I have a problem where I am given the mass $m$, radius $r$ and friction $\mu$ between a pool ball and table. The ball is not initially moving but at $t=0$ is struck by an impulse $$p=\int_{-\epsilon}^{\epsilon} F(t) dt$$ We are asked to find the time it takes the poolball to begin rolling without slipping.

Using the standard KE this is pretty easy and you get $t=\frac{2p}{7f}$ with $f$ being the friction force $f=\mu m g$. I, however wanted to use conservation of energy to solve this problem and in doing so lose the factor of $\frac{2}{7}$. I was wondering if someone could point out why.

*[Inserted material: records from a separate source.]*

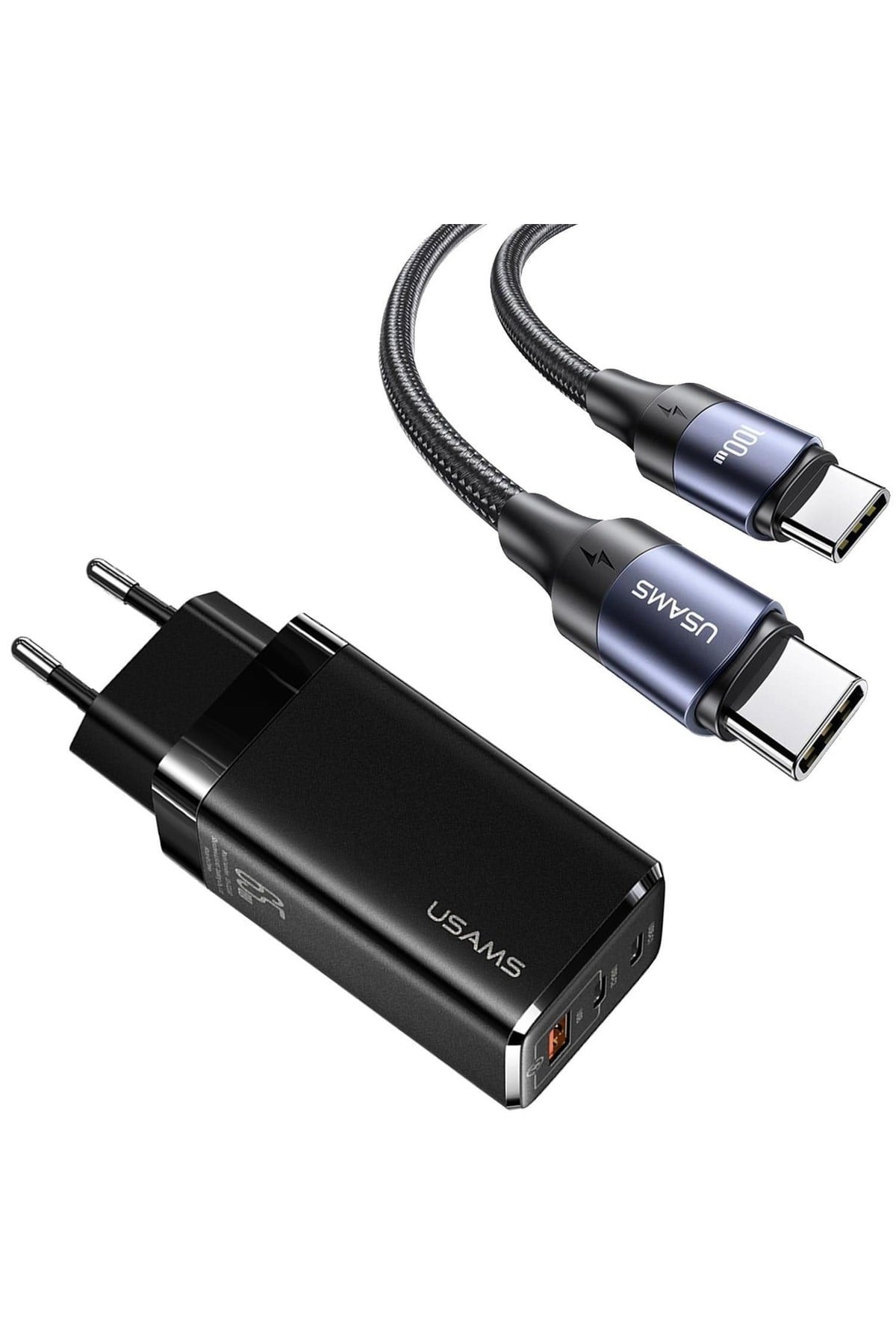 Us-cc110b 65w Gan Şarj Başlığı + Us-sj524 100w Type-c Çipli, Notebook Şarjı Ve Hızlı Şarj Kiti
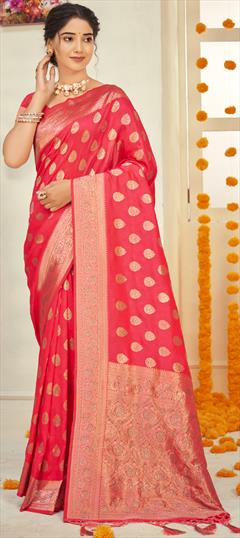 Traditional Pink and Majenta color Saree in Art Silk, Silk fabric with South Weaving work : 1838350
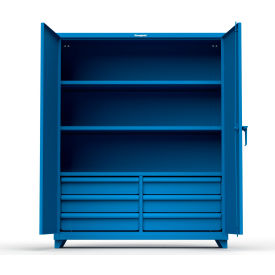 Strong Hold Products 56-243-6/5DB-L-RAL5001 Stronghold Industrial Cabinet with 6 Drawers 60"W x 24"D x 75"H , Blue image.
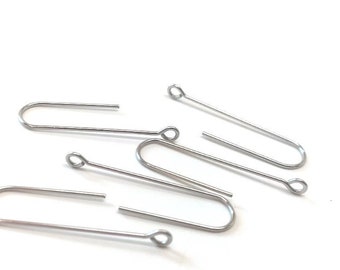 50 pcs 304 Stainless Steel Earring Hooks - 31mm x 9mm - Hole: 1.7mm - Long Ear Wire Stick Bar - Silver - Perpendicular Loop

Heres the work:

The impuse gives us a change in momentum, since our initial momentum is $0$ we clearly have the relation $$p=mv_0$$ The equation for velocity can be written out as $$v(t)=v_0 - \frac{f}{m}t$$

To use conservation of energy we use the equation $$\frac{1}{2}mv_0^2-fd=\frac{1}{2}mv_f^2+\frac{1}{2}I\omega_f^2$$ here $d$ is the distance traveled. We can find this quite easy $$d=\int_0^T (v_0-\frac{f}{m}t)dt=v_0T-\frac{f}{2m}T^2$$ here T is the final time we are solving for. It also will be useful to have $v_0 = \frac{p}{m}$ and since we are looking for the time when we are rolling without slipping we have $\omega_f=\frac{v_f}{r}$. Also $I_{sphere}=\frac{2}{5}mr^2$ We can now solve $$\frac{1}{2}m(\frac{p}{m})^2-f(v_0T-\frac{f}{2m}T^2)=\frac{1}{2}mv_f^2+\frac{1}{2}(\frac{2}{5}mr^2)(\frac{v_f}{r})^2$$ $$\frac{1}{2}\frac{p^2}{m}-fv_0T+\frac{f^2}{2m}T^2=\frac{1}{2}mv_f^2+\frac{1}{5}mv_f^2$$ $$\frac{1}{2}\frac{p^2}{m}-fv_0T+\frac{f^2}{2m}T^2=\frac{7}{10}mv_f^2$$ squaring $v_f$ $$\frac{1}{2}\frac{p^2}{m}-fv_0T+\frac{f^2}{2m}T^2=\frac{7}{10}mv_0^2-\frac{14}{10}fv_0T+\frac{7}{10}\frac{f^2}{m}T^2$$ grouping terms and using $v_0=\frac{p}{m}$ $$0=(\frac{7}{10}-\frac{1}{2})\frac{p^2}{m}+(1-\frac{14}{10})f\frac{p}{m}T+(\frac{7}{10}-\frac{1}{2})\frac{f^2}{m}T^2$$ simplify $$0=2p^2-4fpT+2f^2T^2$$ simplify again and solve $$0=p^2-2fpT+f^2T^2=(p-fT)^2 \implies T=\frac{p}{f}$$ As you see we are missing the $\frac{2}{7}$ factor and I am not sure where I went wrong. Thanks

Answer 1

Without knowing what the "correct" answer to this question the second method giving $T = \frac pf \Rightarrow fT=p$ cannot be right as it implies that the impulse due to the frictional force completely wipes out the original linear momentum of the ball.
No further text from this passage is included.